Only nine days to go...
In March we reported that the historic cooperation from LGNSW had disappeared. Something’s happened to the negotiators to restrain the cooperative approach to fixing those parts of the Award that we know need to be fixed and to keep the Award modern and relevant. Since that time we’ve continued to meet and had a succession of days of conciliation before Commissioner Murphy in the IRC to bring us together on those issues where we remained apart.
The Committee of Management considered a report at the last meeting on 15 May about Award clauses where “in principle” agreement had been reached between the negotiators which, with potential changes to the Workplace Change and Redundancy clause and a consensus on pay increases over the next three years, would form the basis of an offer subject to endorsement by the LGNSW Board.
At this stage, there is no offer and there is no agreement. There are more than 20 areas of the Award where the negotiators have reached a common view but there is nothing formal until the Board meets to formally resolve a position and then convey that as an offer to the unions.
We are hoping for the best.
Mind you, it doesn’t help when you sit down to negotiate pay increases to know that the CPI is running at 2.1%, that wages growth over the last 12 months is around 1.9% generally or 2.3% in the public sector.
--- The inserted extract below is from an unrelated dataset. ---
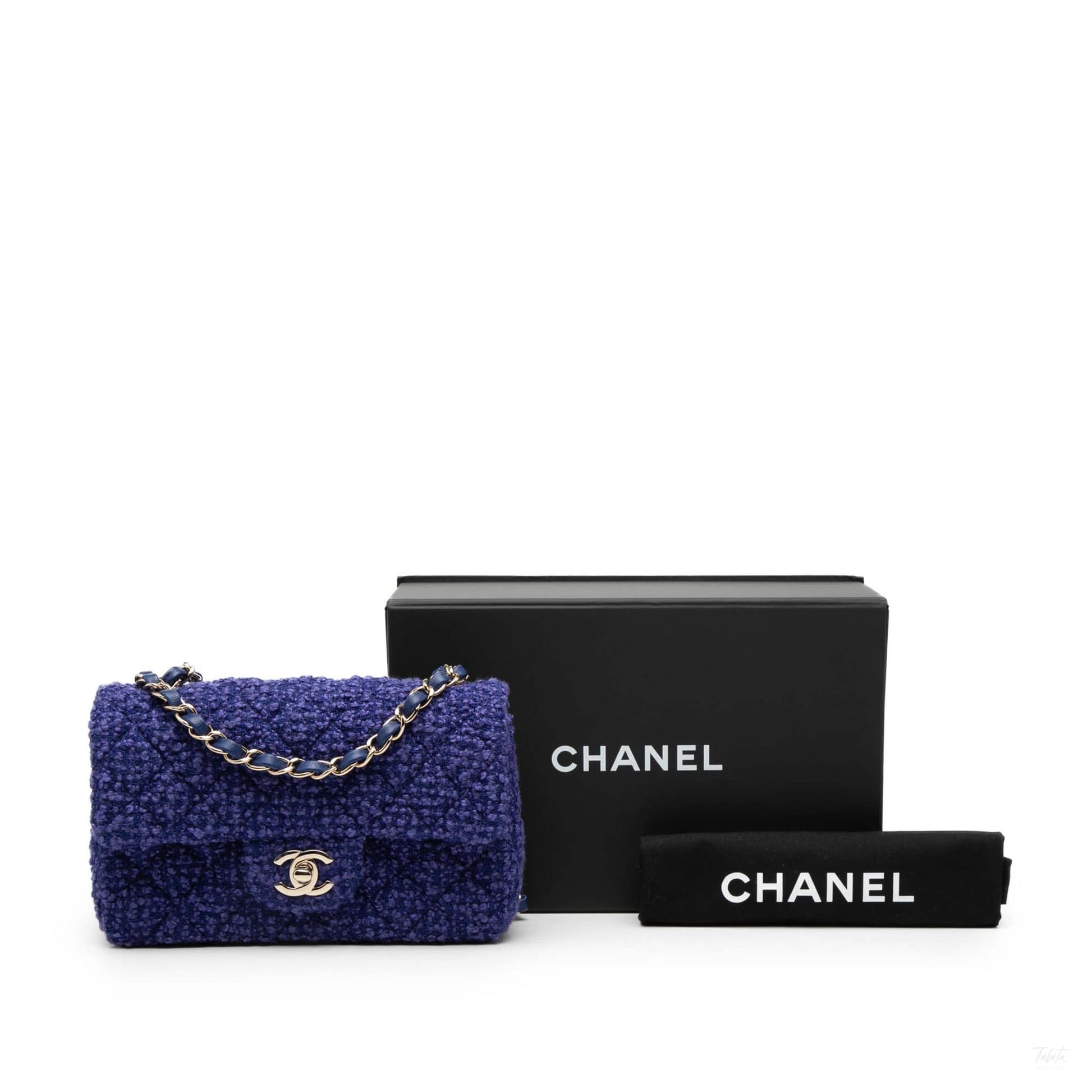 Second hand Chanel Classic Single Flap Mini Tweed Matelassè Shoulder Bag Blue - Tabita Bags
Still ...
There is still work being done to bring together agreed wording on clause 39 Workplace Change and redundancy and some other minor matters.
If the Board endorses the package of changes we are hoping for, a formal offer will be made late the following week to allow the unions time to consider it - or will have further conciliation if there are issues where we remain in dispute.
If agreement can be reached, the Commission has listed a hearing for the Award to be made on 30 June.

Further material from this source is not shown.